Jonathan Hood, l'avocat représentant le commissaire à la concurrence, a soutenu que le tribunal avait correctement interprété la loi dans sa décision précédente.

Il a souligné que l’argument de Cineplex «se résume au fait que tout le monde fait défiler la page».

«Ils affirment que tout le monde aurait dû faire défiler la page jusqu’au bas du site web, mais les preuves ont démontré le contraire. Les consommateurs ne font défiler la page que lorsqu’ils ont une raison de le faire», a expliqué Me Hood.

«Et les choix de conception de Cineplex (…) décourageaient le défilement et dissimulaient les frais. Ce sont là des conclusions factuelles.»

Le Bureau a estimé que la décision devrait être maintenue, car Cineplex a annoncé des prix de billets «inatteignables» et n’a pas clairement indiqué qu’un achat en salle entraînerait l’annulation des frais.

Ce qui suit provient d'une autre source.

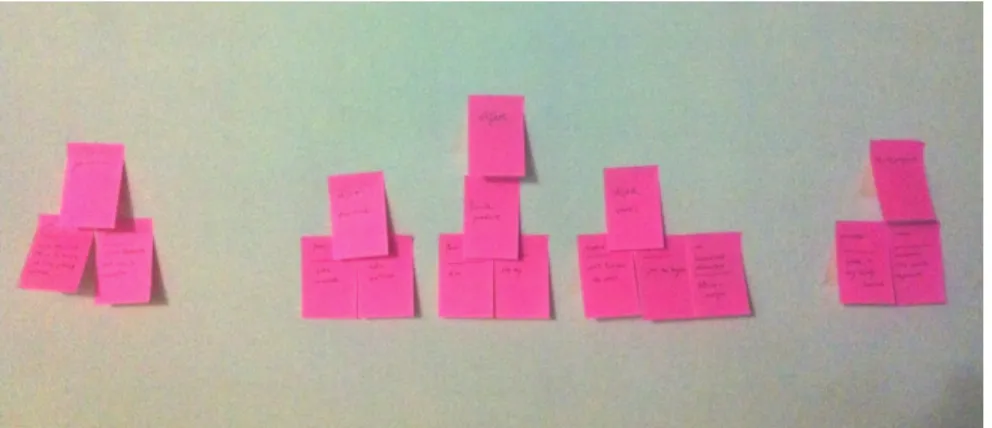Figure	  7	  affinity	  diagram	  of	  pre-­‐experiment	  results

Me Hood a affirmé aux juges que la page web de Cineplex consacrée à la vente de billets ne faisait pas la distinction entre les prix des billets achetés au cinéma et ceux achetés en ligne, et n’attirait pas non plus «l’attention des consommateurs sur le fait que les prix pouvaient varier en fonction du moyen utilisé».

«Les consommateurs savent peut-être qu’ils peuvent acheter leurs billets au cinéma, mais ce n’est pas la question qui importe», a-t-il déclaré.

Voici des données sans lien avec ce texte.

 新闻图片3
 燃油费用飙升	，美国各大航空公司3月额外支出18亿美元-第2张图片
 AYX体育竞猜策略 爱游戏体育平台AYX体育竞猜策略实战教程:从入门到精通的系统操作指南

«La question pertinente est de savoir si les consommateurs savent qu’ils ont le choix d’acheter en ligne et de payer des frais supplémentaires ou d’acheter au cinéma sans les payer.»

Amende de 39 millions $

Me Plumpton a également contesté l’amende record de 38,9 millions $ infligée à Cineplex dans cette affaire, affirmant que le montant était «extrêmement disproportionné». Elle a ajouté que cette amende ne tenait pas compte de la mesure dans laquelle Cineplex avait divulgué les frais de réservation à ses clients et proposé des solutions pour les éviter.

«Nous parlons d’un monde dans lequel Cineplex fait face à une amende de 39 millions $ alors qu’elle a affiché le prix total au bas du bandeau avant que quiconque n'ait avancé», a-t-elle martelé.

Me Hood a rétorqué que la sanction aurait pu être encore plus sévère, soulignant que le tribunal avait imposé un tiers de la sanction maximale prévue par la loi.

Il a dit que le tribunal avait limité le montant à la recette provenant des frais de réservation en ligne de Cineplex jusqu’au 31 décembre 2023, même si la société «a continué à faire des déclarations trompeuses pendant au moins neuf mois supplémentaires» jusqu’à ce que le tribunal rende sa décision.

«Le tribunal a appliqué le cadre approprié, a mis en balance les différents facteurs et a fixé un montant afin de garantir que le type de faute commise par Cineplex ne puisse être considéré comme un simple coût lié à l’exercice de ses activités», a ajouté Me Hood.

— Avec des informations de Tara Deschamps à Toronto.